* **Work to be completed**: What's needed is an exact copy of all the data below, without pictures.

Source data Block Start

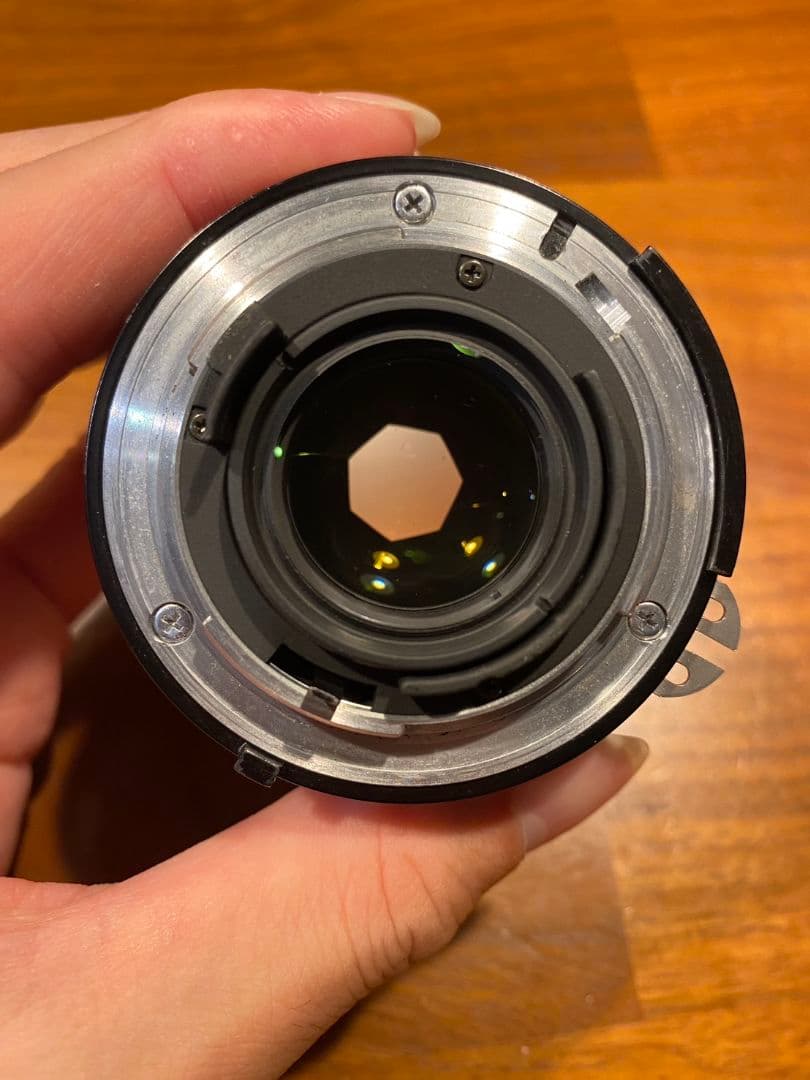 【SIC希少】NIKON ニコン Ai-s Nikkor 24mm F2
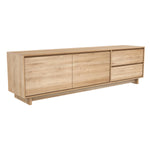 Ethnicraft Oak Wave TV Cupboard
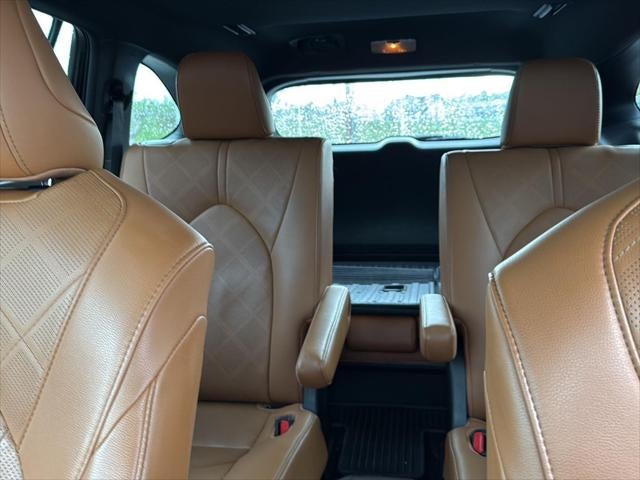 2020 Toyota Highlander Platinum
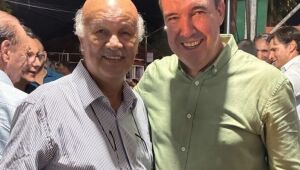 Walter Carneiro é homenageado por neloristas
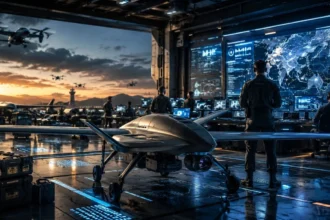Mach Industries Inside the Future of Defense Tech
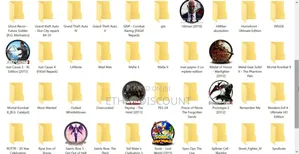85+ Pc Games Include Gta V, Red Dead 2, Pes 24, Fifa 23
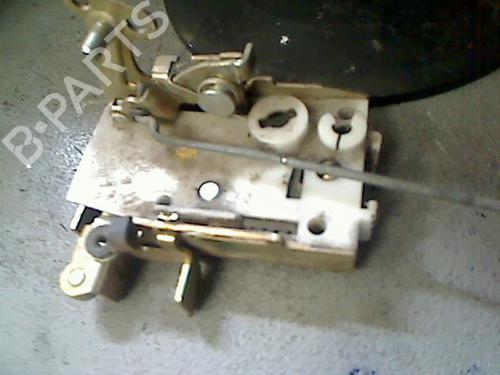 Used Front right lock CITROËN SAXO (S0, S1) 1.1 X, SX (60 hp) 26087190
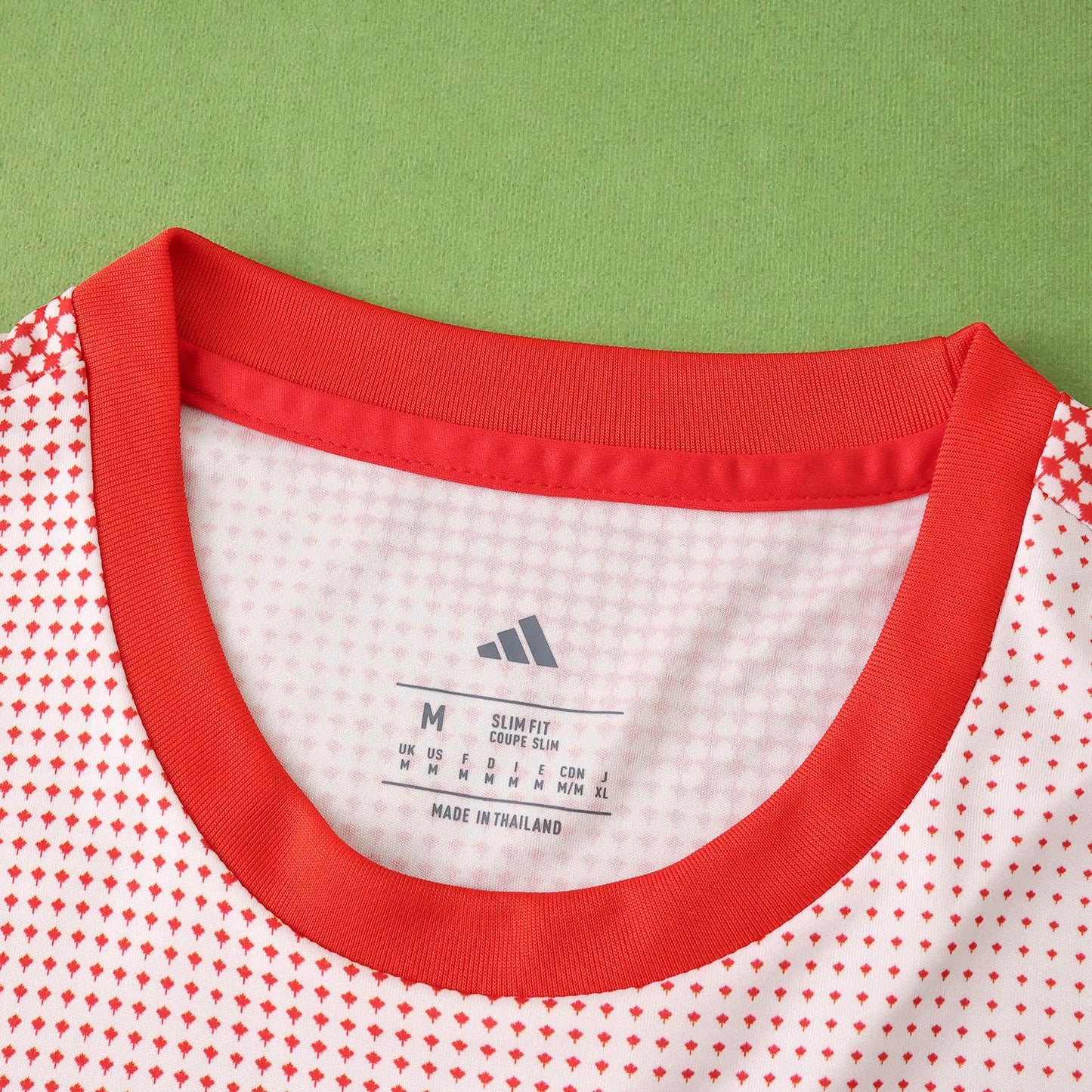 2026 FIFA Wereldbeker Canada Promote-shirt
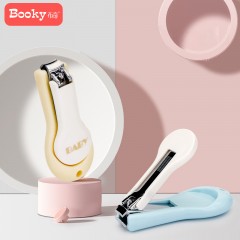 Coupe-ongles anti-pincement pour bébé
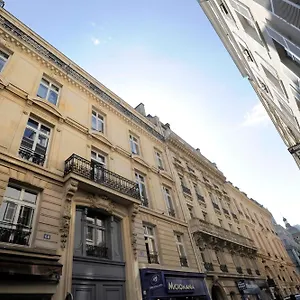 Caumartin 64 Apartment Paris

Source data Block End

* **Exercise output**:
 【SIC希少】NIKON ニコン Ai-s Nikkor 24mm F2
 Ethnicraft Oak Wave TV Cupboard
 2020 Toyota Highlander Platinum
 Walter Carneiro é homenageado por neloristas
Mach Industries Inside the Future of Defense Tech
85+ Pc Games Include Gta V, Red Dead 2, Pes 24, Fifa 23
 Used Front right lock CITROËN SAXO (S0, S1) 1.1 X, SX (60 hp) 26087190
 2026 FIFA Wereldbeker Canada Promote-shirt
 Coupe-ongles anti-pincement pour bébé
 Caumartin 64 Apartment Paris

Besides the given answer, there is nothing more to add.